College

  When Engineers Write Poems

“A professor at the MIT discovered that his students were quietly meeting outside class to write verse. What might it mean for the future of AI?” ,

In an era of rapid advancements in artificial intelligence (AI), the question often arises: what remains the significance of human creativity? Joshua Bennett’s recent essay offers a fresh perspective by narrating the story of a secret poetry collective at MIT. These students, deeply immersed in engineering and science, chose to gather outside the classroom to write poetry and critique one another’s work.

According to Bennett, despite their heavy academic workload, these students turn to poetry as a way of engaging with their emotions and creativity.
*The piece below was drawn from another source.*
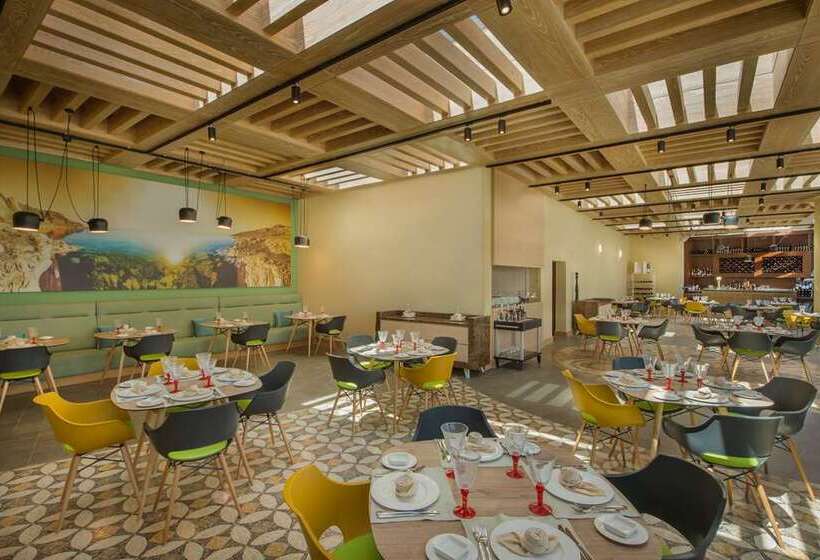 هتل Hilton Dead Sea Resort & Spa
This highlights the fact that the human mind cannot be reduced to data and formulas alone—it also seeks meaning, memory, and relationships.

The article emphasizes that poetry preserves both personal feelings and collective memory. Citing Horace, Bennett notes that heroes uncelebrated in verse fade into oblivion—poetry, therefore, becomes a “technology of memory.”
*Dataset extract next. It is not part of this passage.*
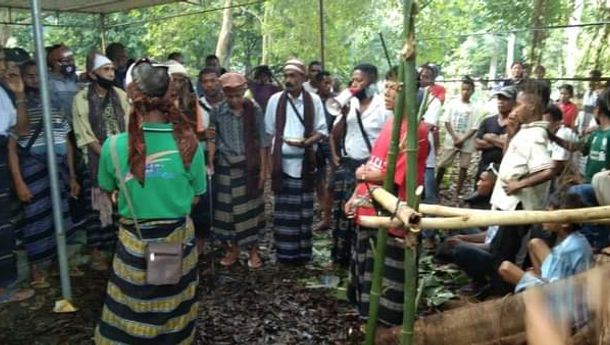 Warga Kampung Kota Kadhe, Desa Kebirangga Gelar Ritual Adat 'Po'o Tana Owe Joje'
Bennett argues that AI is essentially a “prediction machine,” producing text based on probabilities. A poem, on the other hand, thrives on originality and surprise. While AI imitates, poetry creates.

The article also suggests that our fascination with both AI and poetry stems from the same human longing—for connection, astonishment, and meaning. Yet poetry achieves this through lived experience, while AI does so mechanically.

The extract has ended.